Mode and sites of incorporation of divalent cations in vaterite

Abstract

Electron paramagnetic resonance (EPR) spectroscopy, along with other analytical methods and techniques (X-ray diffraction, atomic absorption spectroscopy, scanning electron microscopy, etc.) have been used to study the mode of incorporation of divalent cations (Mg²⁺, Sr²⁺, Ba²⁺, Cu²⁺, Cd²⁺ and Pb²⁺) in vaterite. Vaterite, the least stable of the calcium carbonate polymorphs, was prepared by spontaneous precipitation from aqueous solutions and the doping of vaterite was performed by adding a particular divalent cation into a calcium chloride solution before mixing it with a sodium (or potasium) carbonate solution. All vaterite samples, pure or doped with divalent cations, were subjected to γ-irradiation. By studying EPR spectra of the pure vaterite powder the following free radicals were determined: CO₃^- holes freely rotating at the surface of the spherullites (g=2.0113); CO₂^- frozen in the matrix (g_‖=2.0031 and g_⊥=1.9998), and freely rotating CO₂^- (g=2.0006) probably located between the carbonate layers. It was found that the alkaline-earth metal cations (Mg²⁺, Sr²⁺, Ba²⁺) did not affect the formation and stability of the above free radicals.

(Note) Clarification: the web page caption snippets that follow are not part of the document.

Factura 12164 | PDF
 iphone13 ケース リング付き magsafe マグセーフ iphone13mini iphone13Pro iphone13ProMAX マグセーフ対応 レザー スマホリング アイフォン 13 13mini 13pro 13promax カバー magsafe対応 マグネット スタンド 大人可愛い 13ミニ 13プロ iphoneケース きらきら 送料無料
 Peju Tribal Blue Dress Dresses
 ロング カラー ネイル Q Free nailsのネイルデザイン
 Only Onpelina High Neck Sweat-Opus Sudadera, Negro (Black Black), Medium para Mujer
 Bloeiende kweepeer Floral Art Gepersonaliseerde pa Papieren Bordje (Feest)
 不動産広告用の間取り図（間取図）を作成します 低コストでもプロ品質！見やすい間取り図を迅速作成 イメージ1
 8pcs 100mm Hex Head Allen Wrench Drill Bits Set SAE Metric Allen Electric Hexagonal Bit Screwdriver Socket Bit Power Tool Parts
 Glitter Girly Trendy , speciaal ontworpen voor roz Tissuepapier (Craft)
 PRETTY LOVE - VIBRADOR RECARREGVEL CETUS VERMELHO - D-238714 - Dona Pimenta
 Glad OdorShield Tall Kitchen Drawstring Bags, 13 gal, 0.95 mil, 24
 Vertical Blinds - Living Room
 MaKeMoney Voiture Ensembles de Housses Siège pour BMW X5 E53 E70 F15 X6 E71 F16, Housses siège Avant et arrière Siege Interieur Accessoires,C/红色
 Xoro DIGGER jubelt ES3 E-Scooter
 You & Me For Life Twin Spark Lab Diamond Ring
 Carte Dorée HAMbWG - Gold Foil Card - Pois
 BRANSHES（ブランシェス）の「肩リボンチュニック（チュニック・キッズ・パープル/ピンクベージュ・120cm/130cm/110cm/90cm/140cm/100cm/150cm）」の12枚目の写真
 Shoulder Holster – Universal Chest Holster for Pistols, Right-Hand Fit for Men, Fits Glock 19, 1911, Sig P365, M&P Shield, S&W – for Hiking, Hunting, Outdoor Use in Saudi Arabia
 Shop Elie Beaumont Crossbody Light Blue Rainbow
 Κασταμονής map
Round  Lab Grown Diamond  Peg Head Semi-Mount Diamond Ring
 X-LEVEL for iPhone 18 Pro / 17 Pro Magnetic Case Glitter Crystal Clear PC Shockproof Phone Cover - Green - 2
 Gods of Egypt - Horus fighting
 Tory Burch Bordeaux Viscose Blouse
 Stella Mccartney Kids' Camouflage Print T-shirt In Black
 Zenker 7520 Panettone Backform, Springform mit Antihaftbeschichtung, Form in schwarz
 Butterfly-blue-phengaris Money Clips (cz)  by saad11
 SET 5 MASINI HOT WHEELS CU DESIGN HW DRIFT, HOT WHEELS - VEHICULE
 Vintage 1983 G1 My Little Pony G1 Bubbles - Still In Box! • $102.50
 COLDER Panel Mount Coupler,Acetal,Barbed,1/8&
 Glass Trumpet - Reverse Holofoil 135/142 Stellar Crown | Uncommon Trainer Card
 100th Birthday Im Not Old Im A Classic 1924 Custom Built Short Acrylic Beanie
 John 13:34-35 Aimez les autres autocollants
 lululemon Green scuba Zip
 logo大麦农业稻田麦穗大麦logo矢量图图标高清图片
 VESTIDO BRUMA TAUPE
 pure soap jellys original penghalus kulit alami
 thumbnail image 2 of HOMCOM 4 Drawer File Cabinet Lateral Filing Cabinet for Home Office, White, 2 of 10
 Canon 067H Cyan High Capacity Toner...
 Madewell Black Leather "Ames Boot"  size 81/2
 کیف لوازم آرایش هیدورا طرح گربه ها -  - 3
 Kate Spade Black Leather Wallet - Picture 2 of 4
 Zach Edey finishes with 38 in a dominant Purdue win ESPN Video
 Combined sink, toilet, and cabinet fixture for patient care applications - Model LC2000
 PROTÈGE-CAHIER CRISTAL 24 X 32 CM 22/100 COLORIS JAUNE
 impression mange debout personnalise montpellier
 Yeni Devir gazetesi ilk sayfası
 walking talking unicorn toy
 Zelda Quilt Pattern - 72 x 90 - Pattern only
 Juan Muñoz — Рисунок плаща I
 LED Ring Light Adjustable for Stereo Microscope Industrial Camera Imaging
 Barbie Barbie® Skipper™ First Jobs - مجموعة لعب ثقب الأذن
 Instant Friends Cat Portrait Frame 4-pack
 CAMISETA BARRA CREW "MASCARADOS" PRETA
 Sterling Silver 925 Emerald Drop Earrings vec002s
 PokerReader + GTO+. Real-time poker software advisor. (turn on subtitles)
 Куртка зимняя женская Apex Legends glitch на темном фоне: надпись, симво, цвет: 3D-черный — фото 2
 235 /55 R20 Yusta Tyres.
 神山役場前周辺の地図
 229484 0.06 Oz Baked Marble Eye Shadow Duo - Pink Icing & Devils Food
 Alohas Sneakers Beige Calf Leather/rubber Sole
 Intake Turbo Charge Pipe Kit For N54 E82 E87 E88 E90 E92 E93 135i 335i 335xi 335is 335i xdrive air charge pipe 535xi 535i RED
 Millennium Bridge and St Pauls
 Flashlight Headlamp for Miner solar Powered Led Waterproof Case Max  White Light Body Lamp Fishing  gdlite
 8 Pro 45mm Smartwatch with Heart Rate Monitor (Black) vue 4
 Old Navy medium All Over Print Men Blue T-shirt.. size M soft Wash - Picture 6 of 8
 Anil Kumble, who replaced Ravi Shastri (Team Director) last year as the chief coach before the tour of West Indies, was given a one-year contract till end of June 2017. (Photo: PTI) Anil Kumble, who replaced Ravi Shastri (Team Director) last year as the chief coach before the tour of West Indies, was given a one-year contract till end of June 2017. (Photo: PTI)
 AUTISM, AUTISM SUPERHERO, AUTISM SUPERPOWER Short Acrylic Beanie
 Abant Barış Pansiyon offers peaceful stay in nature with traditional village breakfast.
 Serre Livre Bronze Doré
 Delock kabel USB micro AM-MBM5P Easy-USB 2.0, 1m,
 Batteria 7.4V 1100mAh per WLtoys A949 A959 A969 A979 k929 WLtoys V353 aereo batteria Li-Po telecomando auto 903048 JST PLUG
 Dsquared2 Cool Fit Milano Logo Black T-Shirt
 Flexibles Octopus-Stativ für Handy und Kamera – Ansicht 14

Cu²⁺ and Cd²⁺ doped to the vaterite phase trapped electrons by forming Cu⁺ and Cd⁺, respectively, which led, as a consequence, to increased formation of freely rotating CO₃^- holes in the near neighbourhood. Pb²⁺ released electrons readily by forming Pb³⁺ thus causing a decrease in formation of CO₃^- holes. In vaterite doped with Cd²⁺ two additional paramagnetic centers (g_a=1.9886 and g_b=1.9939), imbedded in two different sites in the vaterite structure were detected.